Purpose: We will learn how to decompress and then re-compress an initramfs image from your Debian or Ubuntu systems. I find the whole initramfs and initrd topic to be one of the most fascinating one in Linux. I always wanted to write a series of post on these topics and I think this might be the first one in the line. So let’s get started…

What is initramfs?

Think of initramfs as a temporary “root” file system that gets loaded into your system’s memory (RAM) and this filesystem is responsible for finding and loading your real “root” filesystem either from your hard drive, network (nfs), RAID, LVM, etc. The purpose of initramfs is solve the well know chicken and egg problem in Linux during the boot – how do you detect and load modules for your intended filesystem if the module for doing that resides on the filesystem itself? That’s where initramfs comes into the picture and you get the idea…If you don’t just search for initrd or initramfs and read the Wikipedia article. Also the initramfs is now also referred as “early user space”.

What is the difference between initrd and initramfs?

This topic deserves a separate post and therefore we won’t go into the details of it. For now just remember that initramfs is the successor of initrd. They both intended to solve the same problem – the chicken and egg problem as described above. Although they are fundamentally (technically) different they provide solution to the same problem.

Where can I find my initramfs image?

If you installed a stock Debian system, for example, say Lenny (or Squeeze), then you can find your initramfs image in the /boot directory:

debian:~# ls /boot/initrd.img-2.6.30*
/boot/initrd.img-2.6.30-2-686

The above file, initrd.img-2.6.30-2-686 is your initramfs file. Basically this is a gziped-compressed cpio archive.

How do I verify if the image is initramfs or initrd?

You can confirm this by the following command:

debian:~# file /boot/initrd.img-2.6.30-2-686
/boot/initrd.img-2.6.30-2-686: gzip compressed data, from Unix, last modified: Sun Nov  1 12:50:11 2009

And your GRUB’s configuration file, menu.lst, will supply this initramfs file to your corresponding booting kernel.
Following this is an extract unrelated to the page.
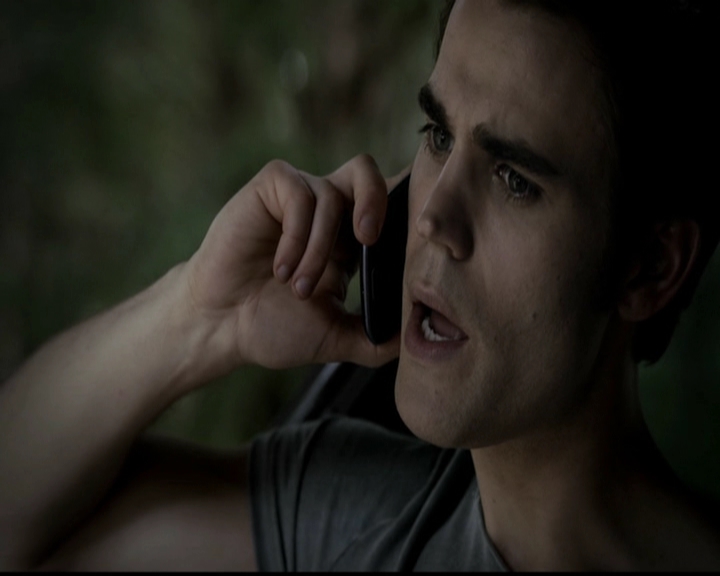 VampireDiariesWorld-dot-org_5x05MontersBall0430.jpg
debian:~# less /boot/grub/menu.lst
Output:
title           Debian GNU/Linux, kernel 2.6.30-2-686
root            (hd0,4)
kernel          /boot/vmlinuz-2.6.30-2-686 root=/dev/sda5 ro quiet
initrd          /boot/initrd.img-2.6.30-2-686

Note: Although the last line says “initrd”, it is really a supplying a initramfs file. This use to confuse me a lot when I was new to this whole initrd/initramfs topic. Historically the label “initrd” in the menu.lst file has not changed to reflect the usage of initramfs file. So basically the file /boot/initrd.img-2.6.30-2-686 is an initramfs file even though the starting word (label) says “initrd”. This will save you  a lot of frustration and time and will help you to understand the concept.

How do I decompress it?

Now I am sure, this whole initramfs thing might have piqued your interest to inspect what is inside it, right? Let’s see how to decompress the file:

$ mkdir -p /tmp/initramfs
$ cd /tmp/initramfs
$ cp /boot/initrd.img-2.6.14-1-686 initramfs.gz
$ gzip -d initramfs.gz
$ cpio -i < initramfs
50243 blocks
rm initramfs

At this point of time your initramfs image is decompressed and unpacked. You can inspect the contents like this:

debian:/tmp/initramfs# ls
bin  conf  etc  init  lib  sbin  scripts  usr
debian:/tmp/initramfs#

Play around with the unpacked initramfs and see what contents are there inside. As you can see it almost looks like a regular “root” of a filesystem with directories like bin, etc, lib, sbin, usr, etc. There is no fixed format for a initramfs except the fact that all initramfs should contain an executable script called “init”. The Linux kernel after un-compressing the initramfs into your system’s memory (RAM) looks for this script and execute it as PID (Process ID) 1and rest of the booting process is taken care by this “init” script.

How do I re-compress back again?

So let’s say that you make some modification in your uncompressed initramfs and now you want to pack it again so that your kernel can use it on the next boot. To pack it, give the following command from the root directory where you un-compressed your initramfs:

debian:/tmp/initramfs# find . | cpio --quiet -H newc -o | gzip -9 -n > /boot/imagefile.img

Now you can modify your menu.lst file to pass this new modified initramfs to your kernel:

title           Debian GNU/Linux, kernel 2.6.30-2-686
root            (hd0,4)
kernel          /boot/vmlinuz-2.6.30-2-686 root=/dev/sda5 ro quiet
initrd          /boot/imagefile.img

That’s it. Upon your next reboot the GRUB will load your kernel and the new initramfs image.